(Available data begins)
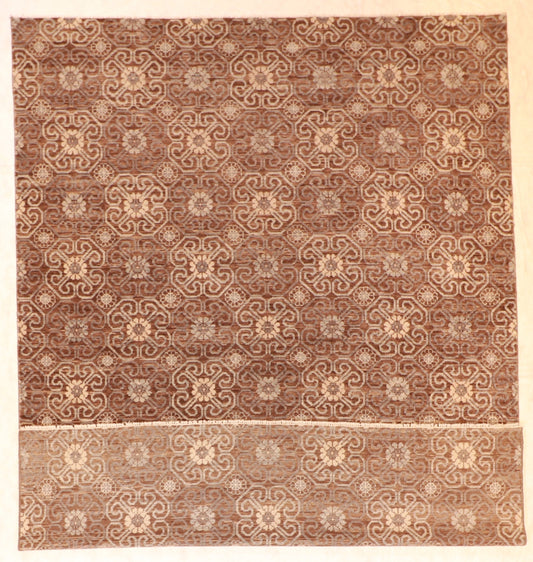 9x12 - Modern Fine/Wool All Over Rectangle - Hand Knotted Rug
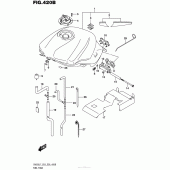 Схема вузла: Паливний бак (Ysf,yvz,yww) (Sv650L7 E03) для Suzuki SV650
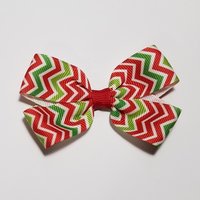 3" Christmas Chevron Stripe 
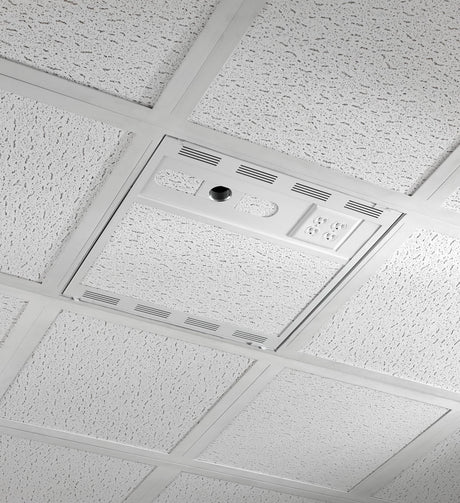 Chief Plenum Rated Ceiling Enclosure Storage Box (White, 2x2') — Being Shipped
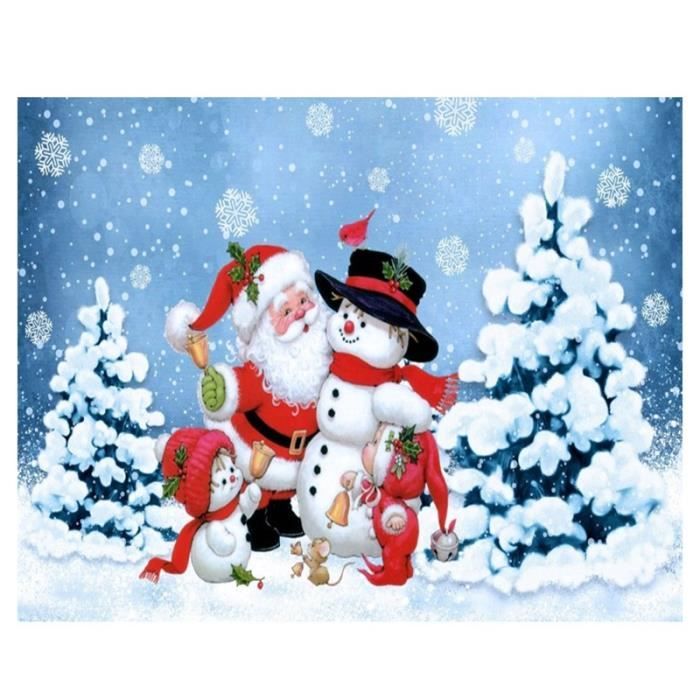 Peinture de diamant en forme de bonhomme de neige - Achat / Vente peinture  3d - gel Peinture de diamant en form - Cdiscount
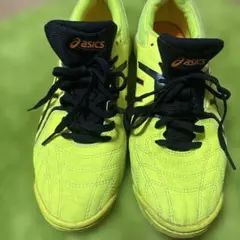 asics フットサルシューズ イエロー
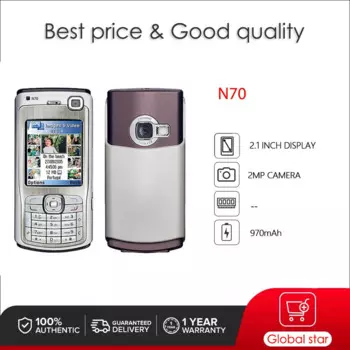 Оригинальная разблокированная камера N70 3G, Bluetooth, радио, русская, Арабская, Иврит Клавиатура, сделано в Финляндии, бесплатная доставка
(Available data ends)
(Available data begins)
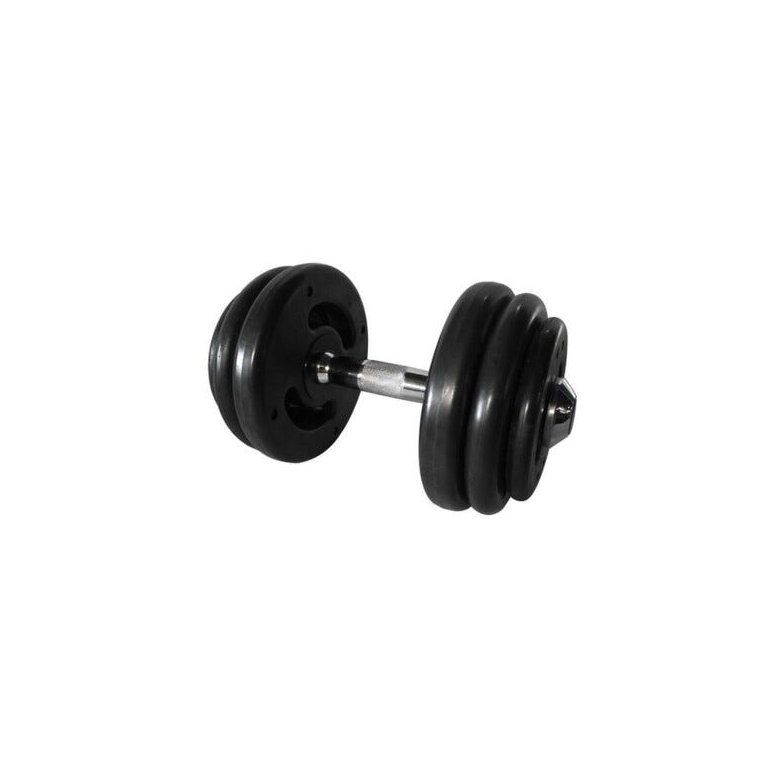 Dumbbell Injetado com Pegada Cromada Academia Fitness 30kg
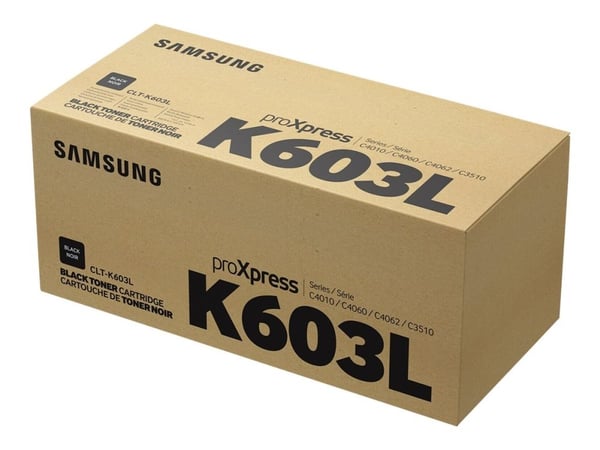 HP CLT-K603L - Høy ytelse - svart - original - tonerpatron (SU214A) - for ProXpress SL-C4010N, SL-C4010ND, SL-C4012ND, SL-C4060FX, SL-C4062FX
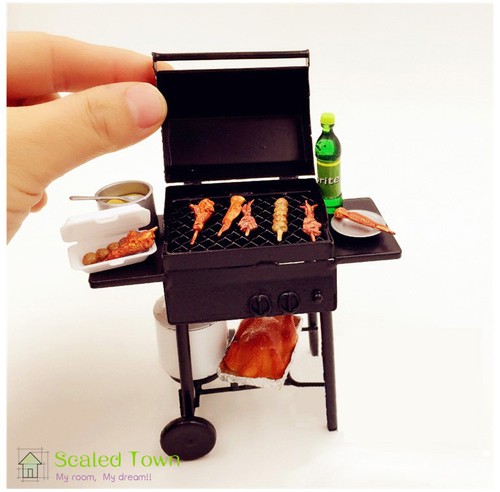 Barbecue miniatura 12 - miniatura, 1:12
(Available data ends)
■ **Required work**
Copy the entries above exactly, but only the stretch from the line containing "Схема вузла: Паливний" through the line containing "Оригинальная разблокированная камера". Keep both end lines; drop the pictures.

■ **Answer to this problem**
 Схема вузла: Паливний бак (Ysf,yvz,yww) (Sv650L7 E03) для Suzuki SV650
 3" Christmas Chevron Stripe 
 Chief Plenum Rated Ceiling Enclosure Storage Box (White, 2x2') — Being Shipped
 Peinture de diamant en forme de bonhomme de neige - Achat / Vente peinture  3d - gel Peinture de diamant en form - Cdiscount
 asics フットサルシューズ イエロー
 Оригинальная разблокированная камера N70 3G, Bluetooth, радио, русская, Арабская, Иврит Клавиатура, сделано в Финляндии, бесплатная доставка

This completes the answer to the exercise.